La déception de la réforme de l’assurance chômage
Le problème, c’est que ces mesures qui vont, à court terme, accroître les inégalités -notamment les baisses d’impôts pour les plus fortunés- n’ont guère été compensées par les réformes sociales. Grande déception : la réforme de l’assurance chômage, censée représenter le filet de sécurité. Le candidat Macron voulait permettre à « tous les travailleurs d’avoir droit à l’assurance chômage », les salariés démissionnaires mais aussi « les artisans, les commerçants indépendants, les entrepreneurs, les professions libérales », comme le soulignait son programme.
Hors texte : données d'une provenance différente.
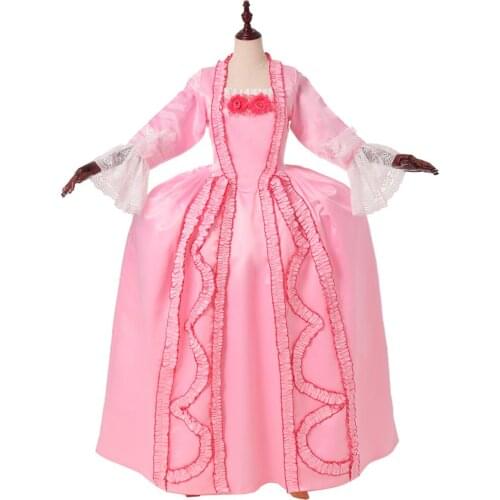 Victorian Gothic Dresses Marie Antoinette Ball Gown Rococo Civil War Southern Belle Lolita Costumes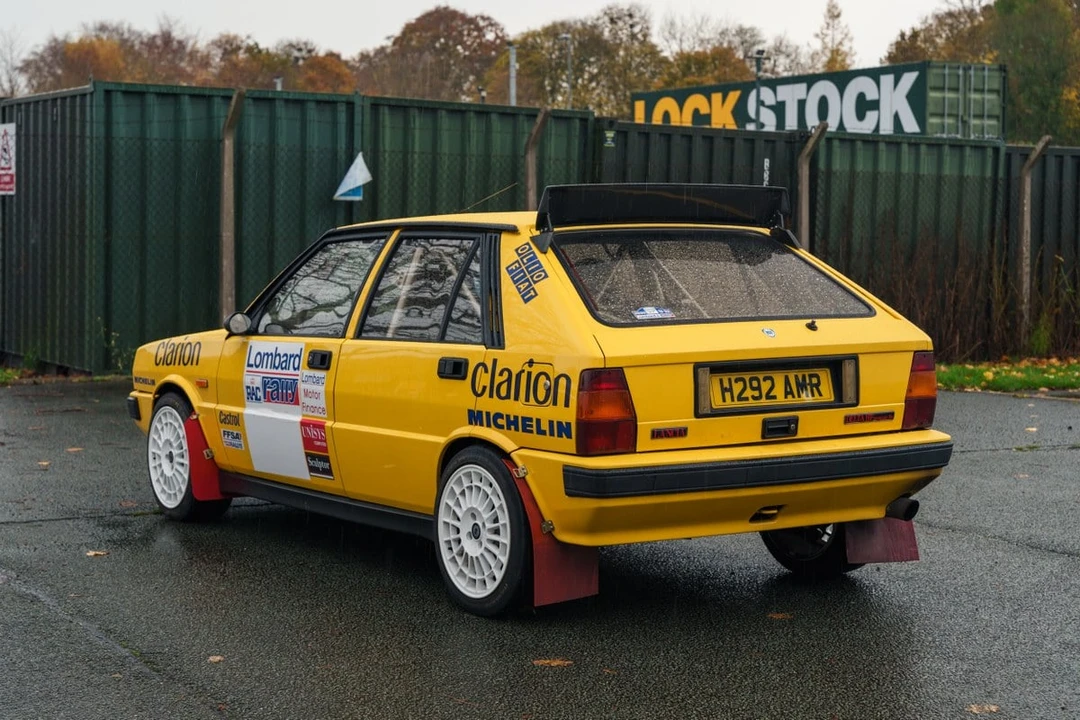 1991 Lancia Delta 1st Gen - Image 12 of 30
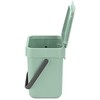 Brabantia Sort & Go Waste Bin Jade Žalias 3 L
A l’arrivée, la réforme s’avère très cosmétique. Entre 20 et 30 000 salariés démissionnaires devraient bénéficier des indemnités chômage, une petite partie des 200 000 démissionnaires inscrits à Pôle Emploi et une toute petite partie des 421 000 personnes en rupture conventionnelle en 2017, qui bénéficient des indemnités chômage. Ce dispositif créé par Nicolas Sarkozy avait eu un effet bien plus massif. Quant aux indépendants, seuls ceux qui sont liquidation judiciaire, affichant un bénéfice autour de 10 000 euros annuels, sont concernés, avec une allocation de 800 euros mensuels pendant six mois.
Surtout, une mesure phare, le « bonus-malus », qui vise à inciter les entreprises à limiter les contrats courts et les licenciements -par une taxe variable selon leurs pratiques- a été ajournée. Préconisé par le Prix Nobel d’Economie, Jean Tirole, ce système qui existe aux Etats-Unis, aurait mis le feu au monde patronal, notamment au Medef où la campagne pour la succession de Pierre Gattaz a démarré. N’empêche, cette reculade est un nouveau signal en faveur du patronat, alors que la mesure visait à rééquilibrer le cocktail social-libéral dans un sens plus protecteur. « Nous devrons absolument traiter ce sujet. Sinon, la réforme de l’assurance chômage aura peu d’effets sur l’emploi », nous confie un proche du chef de l’Etat.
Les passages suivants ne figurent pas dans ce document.